His frat excitement's killing me. “Of course you are,” I say, and feel the mucus in my coke-railed nostrils. I gotta move out of Tatiana's loft if I wanna make it to Christmas.

“Fuck it. Fix me up,” I say.

“Bend your head sideways,” says the kid with the toy. “Breathe from your mouth.”

“WE ARE HERE TODAY BECAUSE
you set some kick-ass goals for 2010,” I begin my presentation in the jammed conference room.

“My big fat Greek capitalist!” BioProt's CEO roars, and a tsunami of laughter sweeps the room.

“But he's so thin!” Andrea screams, and she leans her head back the Alkis way.

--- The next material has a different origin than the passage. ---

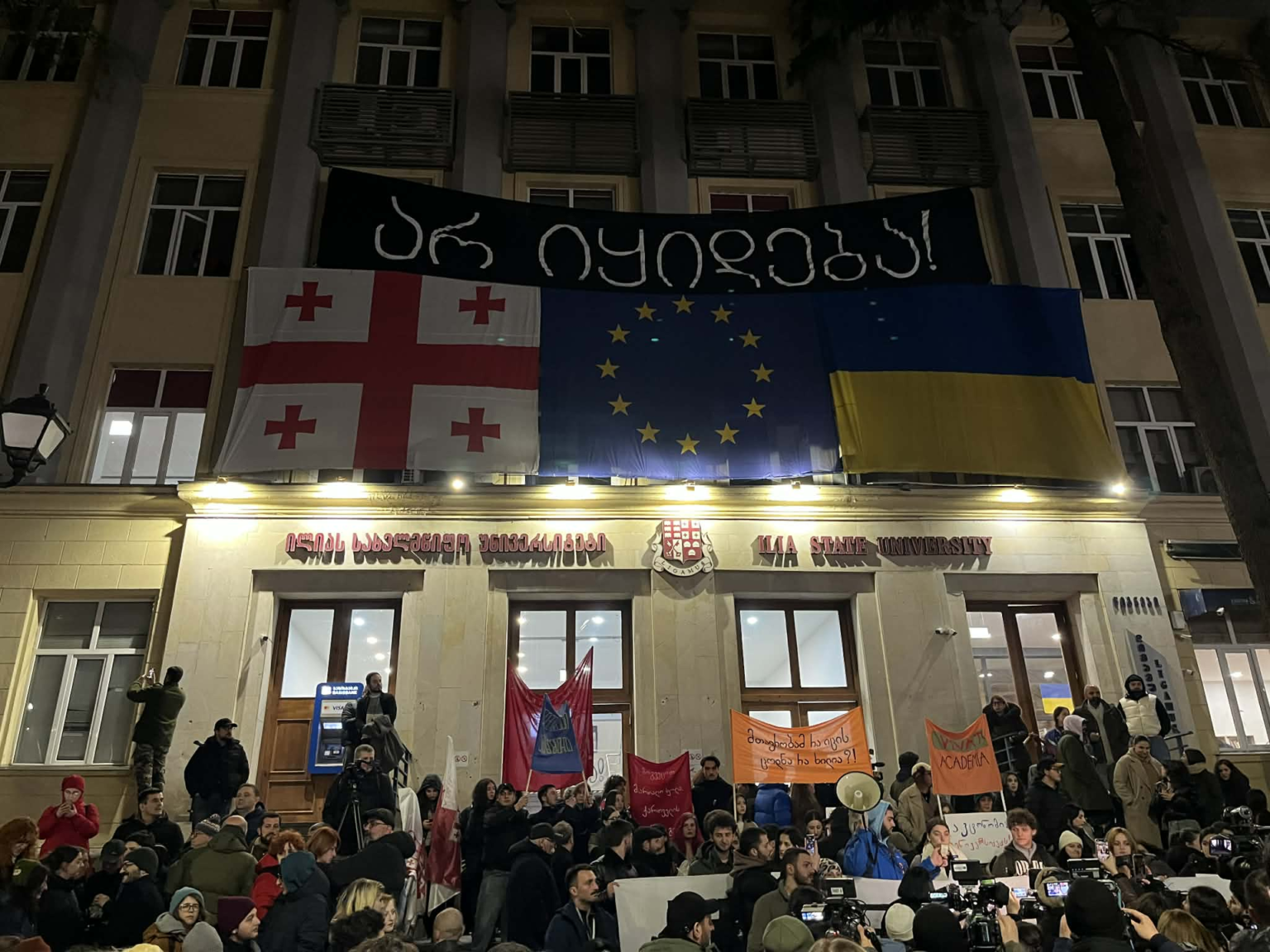 Ночной протест у здания Государственного университета Ильи в Тбилиси — на фасаде вывешены флаги Грузии, Евросоюза и Украины, внизу собрались участники акции с транспарантами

THREE HOURS LATER ANDREA AND
I walk into Nello on Madison Avenue. She does her phony thing: “
Fegatini
con balsamico, prosciutto e melone
. And a glass of champagne.” And I do mine: “Dirty vodka, straight up.”

“The BioProt team loved you,” she tells me after the waiter leaves. “They want you in LA for a prelaunch meeting in December. So you're officially on the beach until then.”

“I understand,” I say.

She tries to swap pleasantries, but all I offer is a mild smile here and there. After a few minutes she gives up.

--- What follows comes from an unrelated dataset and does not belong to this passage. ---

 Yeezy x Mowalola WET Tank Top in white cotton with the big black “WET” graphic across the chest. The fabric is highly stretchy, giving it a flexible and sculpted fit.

“I'm flying to the Dominican Republic this weekend,” she declares. “So I'll be quick.”

“I'm going to Banana Republic this weekend,” I say.

She throws me a pitiful glance. “I am not going to accept another Stathis, Stathis. This is not going to be like Paris. Is that clear?” she asks.

“Paris?” I play dumb.

“BioProt will go Lifestyle,” she announces. “That's what we are doing. Cosmeceuticals; weight and hormone aids. Got that? Is it clear in that smart, stubborn Greek head of yours?”

I'm far from shocked.

“Maybe,” I say, blinking, wondering how much she is willing to risk to help her man take over BioProt. How far is she willing to go to trade up? “Suppose we do,” I say, hesitantly. “Why not?” I shrug. Erik did. He traded my patio for Warren's brownstone, or penthouse, or wherever TV people live. Warren, the next-generation Stathis, someone better, part of the “machine,” for Erik to fight with. Then again, Warren might be immune to criticism, falling in that blind spot within Erik's pick-and-choose portfolio of protests. Like Kevin's job, or his own indulgence in running marathons. My ex was a hypocrite whom I fell in love with. Someone who had perfected the art of signaling underperformance, in order to get noticed. A reverse snob, thus the ultimate snob, who drove me bloodied and bowed all the way to addiction.
A long-sleeping fear of
what-does-all-this-say-about-me
wakes up. “We feed on what we don't have,” Alkis once told me. There. My excuse, explanation, and failure to get what I want. Now, bitter, I'm not sure which I hate more: the fact that Erik is still so much a part of me that I act out on Andrea, or the fact that I used corporate frameworks, Andrea's world, to interpret my relationship with him.